Segno che gli si vuole bene ma non è cosa, Gennà... ora punta alla panchina della Juve così hai fatto il percorso definitivo!


----------



## corvorossonero (10 Agosto 2020)

Ma come il miracolo napoletano Gattuso non rinnova? Ma allora è un ingrato delaurentis . Oppure teme che potrà fallire? Chi lo sa.


----------



## Roten1896 (10 Agosto 2020)

Scelta giustissima per entrambe le parti. 
Il Napoli è giusto che non abbia fretta di prolungare e Rino non è uomo da marciare sopra un eventuale rinnovo per intascare soldi da un esonero.


----------



## sipno (10 Agosto 2020)

Porcaccia Eva... Il cinepanettonaro si è accorto


----------



## willcoyote85 (10 Agosto 2020)

mi è dato un colpo, avevo capito per la prossima stagione...
sarebbe stata una disgrazia per le rivali del napoli.


----------



## BossKilla7 (10 Agosto 2020)

Toby rosso nero ha scritto:


> Come riporta Di Marzio, nulla di fatto dopo l'incontro tra De Laurentiis e Gattuso per discutere di un eventuale prolungamento del contratto, in scadenza nel 2021.
> Le parti hanno concordato assieme di rinviare ogni discorso e di non prendere una decisione definitiva. L'intenzione comune è non essere vincolati da accordi lunghi.

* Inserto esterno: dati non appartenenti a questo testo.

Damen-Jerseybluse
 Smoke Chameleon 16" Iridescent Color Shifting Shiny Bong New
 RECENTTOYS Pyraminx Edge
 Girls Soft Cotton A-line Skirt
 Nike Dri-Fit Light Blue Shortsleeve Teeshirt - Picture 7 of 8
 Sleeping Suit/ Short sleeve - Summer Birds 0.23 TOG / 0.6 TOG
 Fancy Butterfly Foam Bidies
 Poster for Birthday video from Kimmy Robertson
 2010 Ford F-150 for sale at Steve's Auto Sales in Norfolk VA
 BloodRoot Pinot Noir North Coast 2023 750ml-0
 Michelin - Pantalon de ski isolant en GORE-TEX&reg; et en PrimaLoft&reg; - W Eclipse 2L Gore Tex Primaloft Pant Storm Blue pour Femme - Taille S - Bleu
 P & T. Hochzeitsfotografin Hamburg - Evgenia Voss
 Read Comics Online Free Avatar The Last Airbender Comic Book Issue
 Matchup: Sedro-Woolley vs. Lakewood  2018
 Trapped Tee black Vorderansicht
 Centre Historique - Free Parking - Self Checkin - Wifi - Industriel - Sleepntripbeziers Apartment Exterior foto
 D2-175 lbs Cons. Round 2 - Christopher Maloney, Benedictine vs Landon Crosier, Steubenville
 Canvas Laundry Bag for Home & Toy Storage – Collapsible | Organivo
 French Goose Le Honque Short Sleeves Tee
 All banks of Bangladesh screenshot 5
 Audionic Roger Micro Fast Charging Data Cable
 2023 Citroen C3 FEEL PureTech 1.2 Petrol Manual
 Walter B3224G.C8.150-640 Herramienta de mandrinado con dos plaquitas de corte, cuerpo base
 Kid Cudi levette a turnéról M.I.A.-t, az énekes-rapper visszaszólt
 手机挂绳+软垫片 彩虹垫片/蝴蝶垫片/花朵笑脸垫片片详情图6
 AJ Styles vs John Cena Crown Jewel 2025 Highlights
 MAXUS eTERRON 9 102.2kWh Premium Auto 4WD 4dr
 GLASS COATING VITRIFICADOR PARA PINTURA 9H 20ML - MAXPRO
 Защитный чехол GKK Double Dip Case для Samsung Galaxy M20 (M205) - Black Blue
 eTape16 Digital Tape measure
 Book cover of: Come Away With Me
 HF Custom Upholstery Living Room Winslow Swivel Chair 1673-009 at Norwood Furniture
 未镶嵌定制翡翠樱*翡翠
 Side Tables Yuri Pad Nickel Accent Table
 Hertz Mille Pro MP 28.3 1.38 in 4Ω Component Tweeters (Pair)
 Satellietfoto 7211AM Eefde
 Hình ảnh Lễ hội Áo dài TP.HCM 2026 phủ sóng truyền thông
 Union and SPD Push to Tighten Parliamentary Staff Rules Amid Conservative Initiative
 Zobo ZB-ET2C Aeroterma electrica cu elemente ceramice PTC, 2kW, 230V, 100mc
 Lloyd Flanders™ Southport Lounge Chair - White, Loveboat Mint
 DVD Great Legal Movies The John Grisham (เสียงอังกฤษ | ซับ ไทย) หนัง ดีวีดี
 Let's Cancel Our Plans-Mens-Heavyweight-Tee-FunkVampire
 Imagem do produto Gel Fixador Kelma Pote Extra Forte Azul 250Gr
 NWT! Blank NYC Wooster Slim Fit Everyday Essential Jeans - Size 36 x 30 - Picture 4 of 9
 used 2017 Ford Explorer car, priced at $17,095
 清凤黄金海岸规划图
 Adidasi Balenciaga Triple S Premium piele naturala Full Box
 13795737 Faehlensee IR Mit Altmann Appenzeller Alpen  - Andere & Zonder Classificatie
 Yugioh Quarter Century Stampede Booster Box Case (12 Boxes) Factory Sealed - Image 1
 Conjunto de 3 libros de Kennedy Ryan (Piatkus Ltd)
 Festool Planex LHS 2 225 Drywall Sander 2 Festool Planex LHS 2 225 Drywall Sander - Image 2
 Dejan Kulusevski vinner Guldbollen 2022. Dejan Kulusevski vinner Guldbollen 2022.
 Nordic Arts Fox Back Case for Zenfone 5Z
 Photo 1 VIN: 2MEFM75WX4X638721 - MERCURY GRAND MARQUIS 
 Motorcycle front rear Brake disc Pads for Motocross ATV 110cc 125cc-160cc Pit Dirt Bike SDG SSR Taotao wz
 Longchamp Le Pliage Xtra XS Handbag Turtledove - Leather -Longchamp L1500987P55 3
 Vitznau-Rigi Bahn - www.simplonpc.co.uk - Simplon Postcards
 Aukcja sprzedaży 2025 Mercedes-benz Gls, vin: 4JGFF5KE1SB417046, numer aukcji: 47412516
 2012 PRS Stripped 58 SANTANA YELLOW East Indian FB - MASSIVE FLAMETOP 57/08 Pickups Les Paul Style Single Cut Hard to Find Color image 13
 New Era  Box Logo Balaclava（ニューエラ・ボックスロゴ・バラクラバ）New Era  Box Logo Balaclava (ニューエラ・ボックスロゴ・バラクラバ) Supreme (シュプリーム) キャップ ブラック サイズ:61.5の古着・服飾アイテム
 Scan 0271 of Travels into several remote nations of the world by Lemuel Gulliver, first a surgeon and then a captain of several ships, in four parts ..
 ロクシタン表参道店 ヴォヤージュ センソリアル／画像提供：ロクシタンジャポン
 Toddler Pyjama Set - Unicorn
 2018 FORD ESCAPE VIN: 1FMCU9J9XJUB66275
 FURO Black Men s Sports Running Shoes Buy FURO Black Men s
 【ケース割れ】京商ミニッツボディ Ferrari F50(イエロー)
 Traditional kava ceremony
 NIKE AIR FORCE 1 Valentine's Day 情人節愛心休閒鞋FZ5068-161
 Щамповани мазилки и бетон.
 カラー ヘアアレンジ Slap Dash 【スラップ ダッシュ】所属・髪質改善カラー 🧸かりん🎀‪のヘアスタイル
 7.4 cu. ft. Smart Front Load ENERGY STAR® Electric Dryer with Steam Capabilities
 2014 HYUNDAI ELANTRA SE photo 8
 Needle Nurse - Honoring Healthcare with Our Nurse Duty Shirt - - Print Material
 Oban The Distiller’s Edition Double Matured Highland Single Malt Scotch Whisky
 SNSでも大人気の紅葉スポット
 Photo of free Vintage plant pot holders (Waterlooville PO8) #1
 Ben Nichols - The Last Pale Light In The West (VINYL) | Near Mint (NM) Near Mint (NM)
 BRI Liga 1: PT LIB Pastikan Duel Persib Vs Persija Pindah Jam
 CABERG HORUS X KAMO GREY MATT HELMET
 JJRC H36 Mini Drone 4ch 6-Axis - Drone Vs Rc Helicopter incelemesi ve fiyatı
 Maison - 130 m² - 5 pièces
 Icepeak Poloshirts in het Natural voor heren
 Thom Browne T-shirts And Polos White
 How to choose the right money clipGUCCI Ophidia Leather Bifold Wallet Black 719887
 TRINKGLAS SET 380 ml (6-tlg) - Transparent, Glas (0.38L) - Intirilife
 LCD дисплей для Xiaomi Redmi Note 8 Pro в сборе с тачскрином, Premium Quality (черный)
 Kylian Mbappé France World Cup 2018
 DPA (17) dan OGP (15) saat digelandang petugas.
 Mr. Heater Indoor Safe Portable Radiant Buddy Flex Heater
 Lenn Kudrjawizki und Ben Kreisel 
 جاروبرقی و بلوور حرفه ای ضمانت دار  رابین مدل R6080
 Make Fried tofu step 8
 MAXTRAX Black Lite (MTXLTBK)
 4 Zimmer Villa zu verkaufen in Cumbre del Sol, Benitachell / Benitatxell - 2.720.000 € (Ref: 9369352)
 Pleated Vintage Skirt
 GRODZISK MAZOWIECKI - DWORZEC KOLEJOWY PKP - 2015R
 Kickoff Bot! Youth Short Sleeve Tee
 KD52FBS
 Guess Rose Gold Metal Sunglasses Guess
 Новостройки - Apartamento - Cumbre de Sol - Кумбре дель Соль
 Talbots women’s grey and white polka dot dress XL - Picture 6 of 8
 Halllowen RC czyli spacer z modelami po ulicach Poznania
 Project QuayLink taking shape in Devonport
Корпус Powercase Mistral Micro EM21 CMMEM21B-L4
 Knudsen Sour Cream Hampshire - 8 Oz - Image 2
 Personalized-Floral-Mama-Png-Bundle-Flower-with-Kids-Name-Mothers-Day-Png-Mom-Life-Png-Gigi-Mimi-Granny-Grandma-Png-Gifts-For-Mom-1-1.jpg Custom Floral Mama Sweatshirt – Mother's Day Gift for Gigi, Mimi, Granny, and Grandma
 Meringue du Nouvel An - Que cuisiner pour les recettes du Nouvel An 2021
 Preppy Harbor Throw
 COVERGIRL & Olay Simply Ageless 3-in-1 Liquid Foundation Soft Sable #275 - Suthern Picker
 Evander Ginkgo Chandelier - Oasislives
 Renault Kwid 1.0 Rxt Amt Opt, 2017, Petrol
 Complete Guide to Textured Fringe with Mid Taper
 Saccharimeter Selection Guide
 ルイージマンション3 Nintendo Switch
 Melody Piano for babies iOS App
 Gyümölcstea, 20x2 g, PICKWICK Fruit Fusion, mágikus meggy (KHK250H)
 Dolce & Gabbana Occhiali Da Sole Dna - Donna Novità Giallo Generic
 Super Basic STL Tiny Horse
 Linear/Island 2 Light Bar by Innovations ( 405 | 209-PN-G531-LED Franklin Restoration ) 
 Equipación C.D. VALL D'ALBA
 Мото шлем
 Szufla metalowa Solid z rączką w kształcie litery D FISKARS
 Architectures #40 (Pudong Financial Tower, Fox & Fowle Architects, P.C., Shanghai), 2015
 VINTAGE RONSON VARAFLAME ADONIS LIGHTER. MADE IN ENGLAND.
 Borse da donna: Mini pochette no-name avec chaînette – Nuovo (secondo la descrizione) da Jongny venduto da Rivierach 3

Povero gino. Per uno strano allineamento dei pianeti quest’estate sarebbe potuto essere l’allenatore della Juve e invece ha preferito pugnalare alle spalle Ancelotti. Vabbè dai se ne riparla l’anno prossimo. Veleno, leccate, strette di mano ed il gioco è fatto.


----------



## Molenko (10 Agosto 2020)

Mi aspettavo la fiera del ritardo su questo topic. Comunque, ci si risente tra qualche giorno


----------



## mabadi (11 Agosto 2020)

Veleno punta la Juve.


----------



## ThaiBoxer93 (11 Agosto 2020)

Toby rosso nero ha scritto:


> Come riporta Di Marzio, nulla di fatto dopo l'incontro tra De Laurentiis e Gattuso per discutere di un eventuale prolungamento del contratto, in scadenza nel 2021.
> Le parti hanno concordato assieme di rinviare ogni discorso e di non prendere una decisione definitiva. L'intenzione comune è non essere vincolati da accordi lunghi.



Il Gattuso allenatore non mi è mai piaciuto e ho sempre trovato una sofferenza vedere le partite nel corso della sua gestione. Ciò detto, per come si è comportato verso la società Milan quand’era tecnico, per le gioie che ci ha regalato in campo e per l’attaccamento che ha sempre mostrato verso i nostri colori, il Gattuso uomo merita il massimo rispetto: mi rincresce vedere come alcuni di noi lo abbiano preso in antipatia. Auguro a Rino il meglio dal punto di vista professionale


----------



## Lambro (11 Agosto 2020)

Auguro anche io il meglio a Rino, come fai a non volergli bene? Però come allenatore non mi convince, la fase offensiva é spesso un pianto o cmq non propone qualcosa di realmente interessante, deve migliorarsi molto sotto questo aspetto.


----------



## diavoloINme (11 Agosto 2020)

Non è che forse è Gattuso a non voler rinnovare??
Ho letto che ADL è in trattativa avviata per cedere koulubaly e non solo lui...


----------



## Roten1896 (11 Agosto 2020)

diavoloINme ha scritto:


> Non è che forse è Gattuso a non voler rinnovare??
> Ho letto che ADL è in trattativa avviata per cedere koulubaly e non solo lui...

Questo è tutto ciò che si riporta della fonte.